Confession time: I haven’t worked on my NaNoWriMo projects for the last three or four days. Despite how excited I was for NaNo this year, a lot of the excitement wore off relatively quickly.
For one, my schedule in real life is packed, and very little of it can be ignored until later. For another, I’ve run into a problem where I have so many new ideas I want to work on and get started during NaNo that I’m struggling to stay focused on any one at a time.
Neither of those are insurmountable by themselves. I’ve noted before that I can write quickly, so I’m in no way concerned about ‘winning’ NaNo even with less time to dedicate to it than I usually have. As for the projects, the hardest part seems to be picking and choosing a project to stay focused on–which is again, where being able to write fast comes in hand. An hour or two might give me enough material that when I lose focus I can re-orientate myself with a quick skim.
That however, is addressing both sides of the struggle by themselves. Combined, it gets a little more complicated. I don’t always have an hour or two to get words down, and when I do, it’s also balancing things like writing a post or putting together an image for a short story. That might mean I only have a few minutes left in any dedicated hour to try and get something written, which might not be enough.

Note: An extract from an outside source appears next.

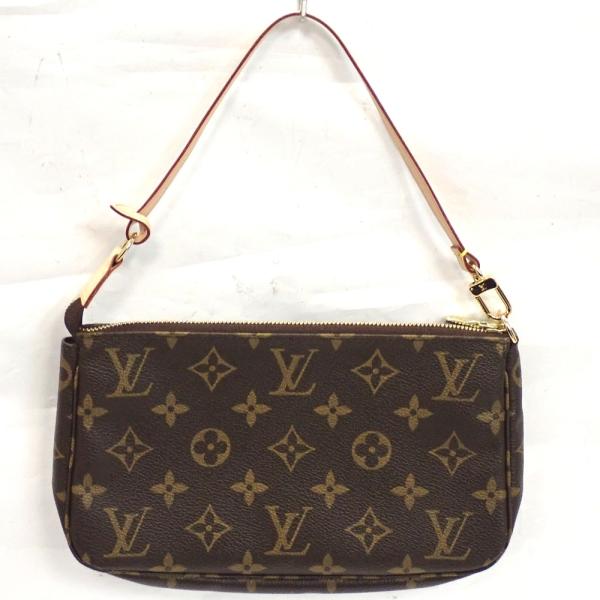 未使用LOUIS VUITTONモノグラムポーチ LOUIS VUITTON（ルイ・ヴィトン） Th998142 モノグラム ポシェット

I knew going into this month that I was going to be a Rebel this year. While this should be all-new material, I opted not to work on a singular novel. I’d aimed instead to complete four novellas and perhaps some longer short stories. To that end, I’ve done one novella and two stories under 10k each. Getting started and finding a groove for brand new ideas is difficult.
Which is why for the last couple of days, I’ve been taking a new look at all the ideas I had jotted down to work on this month. Some of them are spin-offs from other short stories, which spun into larger works. Several of them are connected through worldbuilding and setting elements.
Knowing that part of the problem I’m having is based on lack of inspiration because I’m trying to get new ideas down to help flesh them out, tacking the dual problem of ‘not enough time’ and ‘too many new ideas’ means taking out one side of the equation. As I said above, by themselves, they’re not hard to solve. An hour or two’s worth of material adds up (for me) to be around three thousand words.
Which, means on stories that are connected through worldbuilding and character spin-offs, I probably have more than just three thousand.
These are still new ideas, but by choosing to focus on ideas that already have all the groundwork laid out like characters and setting, I’m hoping the last half of the month turns out to be a little more productive.
How are you handling your NaNo struggles?